I feel bad.
I had a falling out with a friend some months ago, I don’t want to get into details, but we had words, and in the end, he said he didn’t want to talk anymore. We haven’t talked or texted/chatted/emailed/anything since.
Last week, after word got to him (through Facebook I imagine) that my grandpa had died, he texted me offering condolences and asking if I was okay. I just answered with “I’m fine”, and sort of just shot him down. He hasn’t responded since.
I didn’t have it in my head to say anything else and I was honestly a bit angry that after all this time this was how he chose to reach out. I imagine he was going through things at the time we stopped talking, but since he refused to open up and on top of it lashed out at me pretty bad when I tried to reach out, I decided there was nothing I could do about it. And that maybe I didn’t want to either, after some of the stuff he said. I can easily forgive people saying mean things out of frustration or in the moment, but this wasn’t like that; these were personal, borderline cruel, things. Things only a close friend could possibly hurt you with.

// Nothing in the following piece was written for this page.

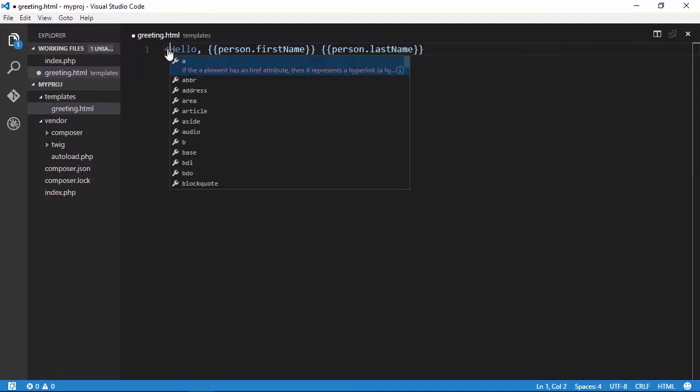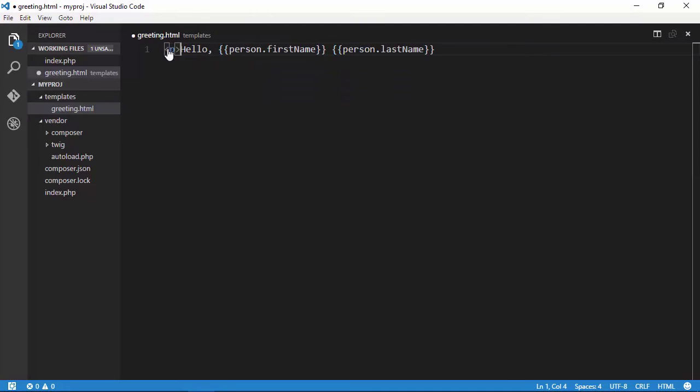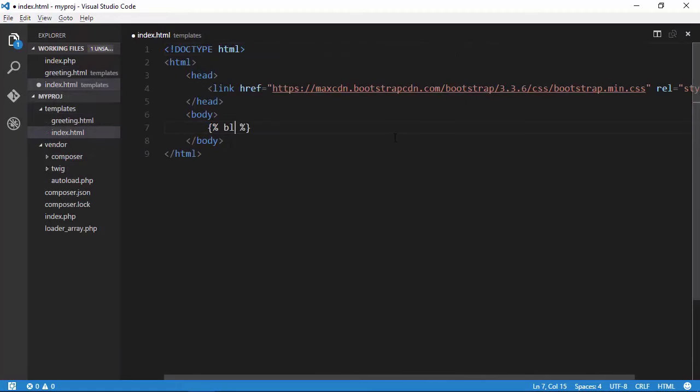Twig makes it easy to build and use templates within your PHP application, thanks to its concise and template-oriented syntax.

Needless to say, I’m still angry. I haven’t forgiven any of it yet. And I think that’s why I feel so bad. This wasn’t someone I ever expected to want to cut out of my life. It’s not a nice feeling at all. And now I keep thinking to myself that as much as I want to forgive, if what was said back then was even remotely close to his true opinion of me, then why does he even want any part of my life ? Why would I ever want him to still be a part of my life?
Suppose I’m still not in a good enough place to think about this. And seeing as I already blew him off it might not even matter at this point, but… I needed to vent I guess. Sue me. >.>
Actually, don’t sue me, I’m fucking broke.